The number one reason I thought that I couldn’t be autistic is that I’m fucking good at being social.
When I enter a social situation, I’m on! I crank up the charm. I make friends easily. I can mimic social scripts–I know what to say when someone shares that a family member died, or that they got a promotion at work.
Outwardly, it might appear that I understand social cues better than most people. But then I realized something: I don’t read social situations naturally. It’s not innate. I’ve learned by mentally mapping out countless interactions, creating strategies for how people might react, and planning how to respond.
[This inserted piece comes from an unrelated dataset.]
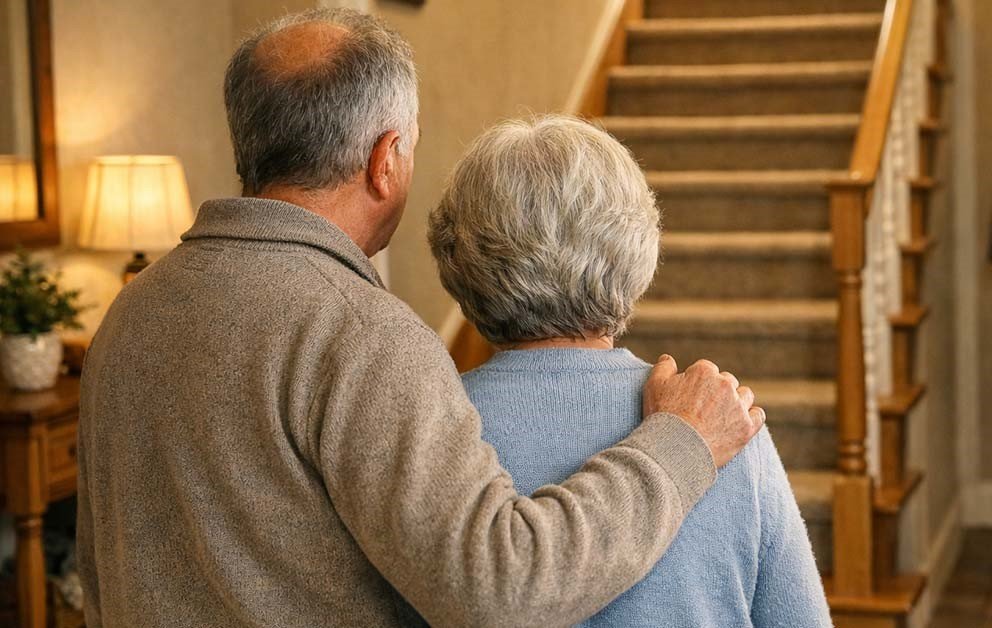 Foto Zuhause umbauen oder lieber neu starten?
Every person I meet is a puzzle. I apply my social map to them like a template. I study their humor, what makes them frown or smile, what faces they make when they say one thing but mean another. I’ve learned, for example, that when someone asks if I want to get a coffee, they aren’t literally asking me if I want to drink coffee–they mean they want to sit and chat at a coffee shop. I don’t need to tell them no if I want to drink tea.
My endless processing and mapping of information is a mask I wear to hide that I’m not naturally wired this way.
Most neurodiverse people say they use similar strategies in social situations. Sometimes we call it masking. Sometimes it’s called camouflaging. But underneath, it’s always the same thing:
Exhausting.
Right now, all around us, there are other folks with neurodiverse traits who are also hiding in plain sight. We navigate the world like spies, codebreaking everyday conversations, analyzing every human interaction in real time. We catalog reactions, responses, and facial expressions like clues at a crime scene, running mental analysis to match the “right” response.
This constant decoding helps us move through the world unnoticed. We don’t stand out–even to each other–because we’ve become master mask-wearers, working hard to blend in, while simultaneously working to understand what’s not instinctive to us.
Sometimes, wearing the mask even lets us hide from ourselves.
But eventually, it gets too exhausting to keep up. At least it did for me.